La guerra de información ha escalado aún más. El jueves, Ghalibaf lanzó una encuesta preguntando si debería mencionar a ciertos banqueros y fondos de cobertura que él sostiene que están lucrando con la política de guerra, desafiando abiertamente a conocidos como Bill Ackman, a quien apoda “pretendiente” en círculos financieros.
No obstante, esto no solo se trata de bromas. Las publicaciones del orador han generado millones de vistas y, al menos a corto plazo, su consejo de inversión podría haber resultado beneficioso, ya que apostar contra las afirmaciones de Trump sobre Irán esta semana habría sido lucrativo, por ejemplo, apostando a que los precios del petróleo subirían o acortando el mercado estadounidense.
Credibilidad y Riesgos
En este contexto, la vulnerabilidad que Ghalibaf se burla y explota es la credibilidad de Trump. Medios de comunicación destacados han afirmado rápidamente que sus afirmaciones sobre negociaciones con Irán son falsas en su totalidad o en parte.
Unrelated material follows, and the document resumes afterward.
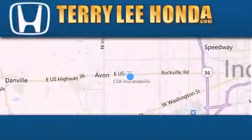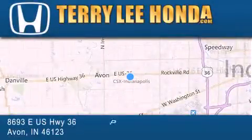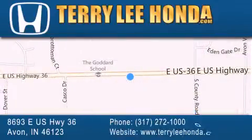At Terry Lee Honda we offer new Honda cars in the Indianapolis area along with used cars, trucks, and SUVs by today's top manufacturers. Stop by and visit at 8693 East US Highway 36 in Avon, or see us online at TerryLeeHonda.com.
El Wall Street Journal fue el primero en informar que lo que Trump describía como “conversaciones muy buenas y productivas” eran en realidad mensajes preliminares sin contacto directo entre EE.UU. e Irán.
También se reveló que varias agencias de inteligencia de EE.UU. consideran que Irán “no está dispuesto a participar en negociaciones sustanciales” y que ambos países “no están en negociaciones sobre términos de un alto el fuego o sobre el final de la guerra”.
El fenómeno observado es notable. “Se puede anunciar la paz, pero si no se concreta, el efecto será el contrario”, explicó Igor Pejic, un experto en dinámicas de mercado modernas. “Lo que estamos viendo es un ciclo clásico de volatilidad en tiempos de guerra amplificado por señales presidenciales en tiempo real”. Sin embargo, el riesgo radica en que “los mercados se conviertan en un ‘comercio de Trump’ en lugar de un comercio fundamentado, aumentando la volatilidad y creando confusión.”
Además, la “optimismo prematuro” (como las afirmaciones previas de que las negociaciones estaban “muy completas”) puede cultivar cinismo y desconfianza, lo que provocaría que los inversores empiecen a descartar declaraciones oficiales, retrasando la recuperación real de precios cuando lleguen las verdaderas noticias.
En resumen, aunque la integridad del mercado no se ha roto, el ratio de señal-ruido está deteriorándose, con implicaciones significativas para la inversión y el análisis de mercado en el futuro.